世界最古の物語『ギルガメシュ叙事詩』
世界で最も古いとされる物語は、『ギルガメシュ叙事詩』です。この物語は、約4000年前の古代メソポタミア、今のイラク地方で生まれました。粘土板に楔形文字(くさびがたもじ)で書かれ、数千年の時を越えて現代まで伝えられています。

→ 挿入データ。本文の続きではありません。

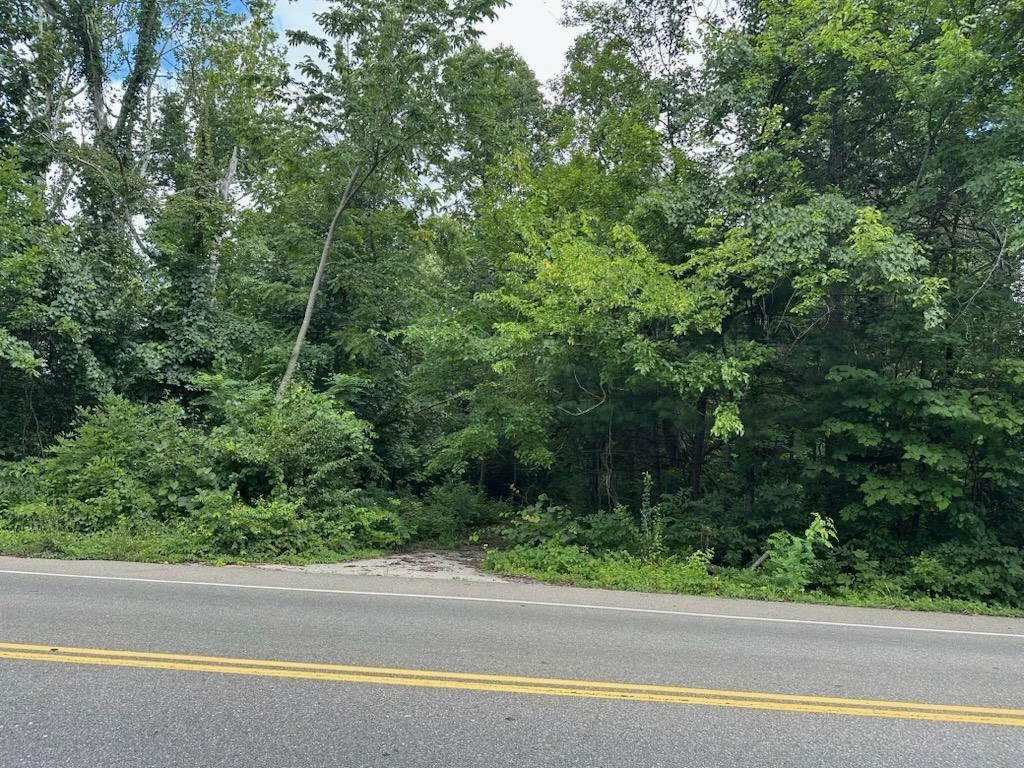 0 Woodhaven RD - Photo 2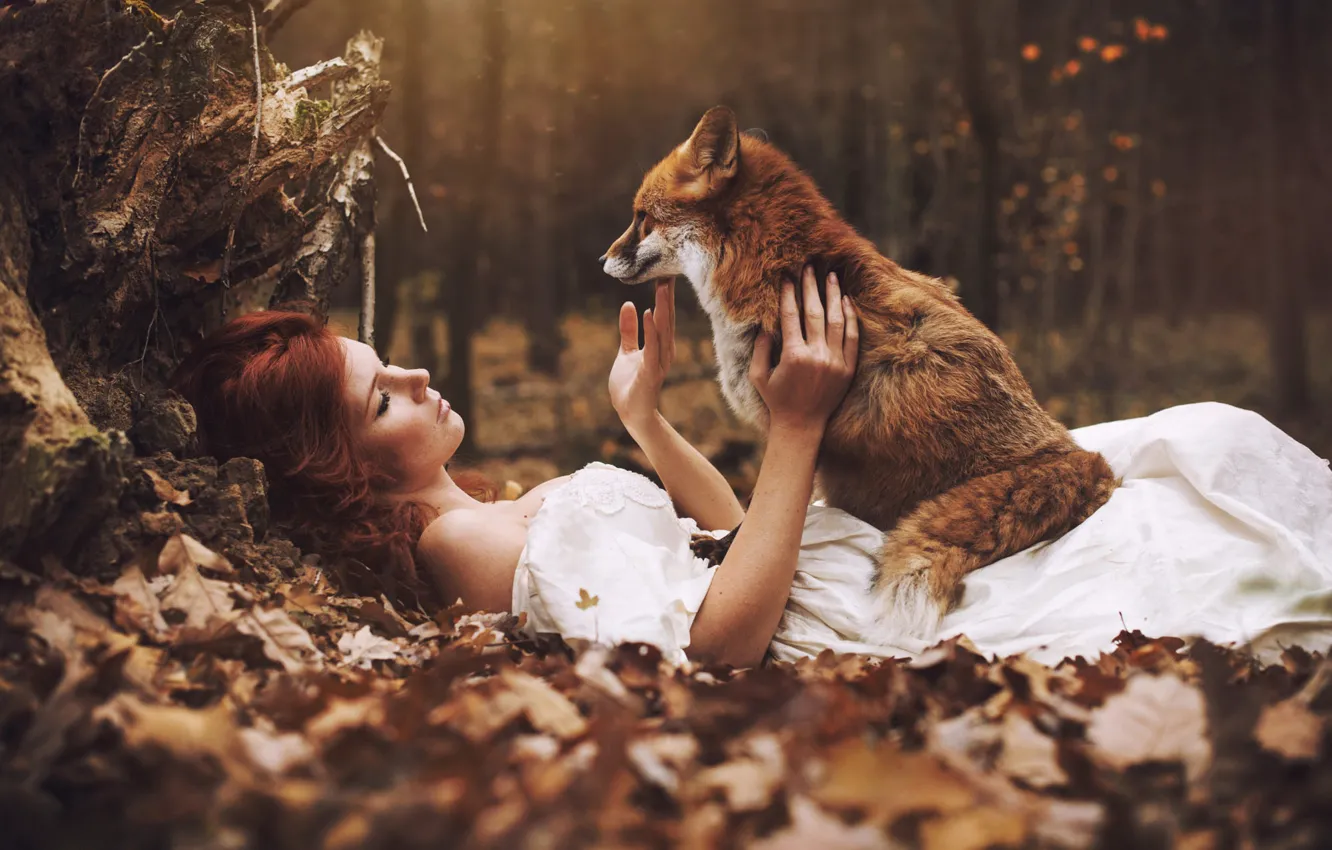 Photo wallpaper autumn, forest, girl, Fox, lies, red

物語の主人公は、ウルクという都市を治めたとされる王ギルガメシュ。彼は神と人間の両方の血を引くとされ、力は強いものの、はじめは傲慢(ごうまん)な存在でした。しかし、野人のような友エンキドゥとの出会いや死を通じて、自分自身や命の意味について深く考えるようになります。
物語の中には、大洪水を生き延びるノアのような人物の話も登場し、後の聖書の物語にも影響を与えたと考えられています。また、不死を求めて旅をするギルガメシュの姿には、人間誰もが抱く「死への恐れ」や「永遠の願い」がリアルに描かれています。
『ギルガメシュ叙事詩』は、単なる冒険譚(たん)ではなく、人間の内面や存在そのものを問う、非常に深い内容を持っています。世界最古の物語だからこそ、今も多くの人々の心を動かし続けるのでしょう。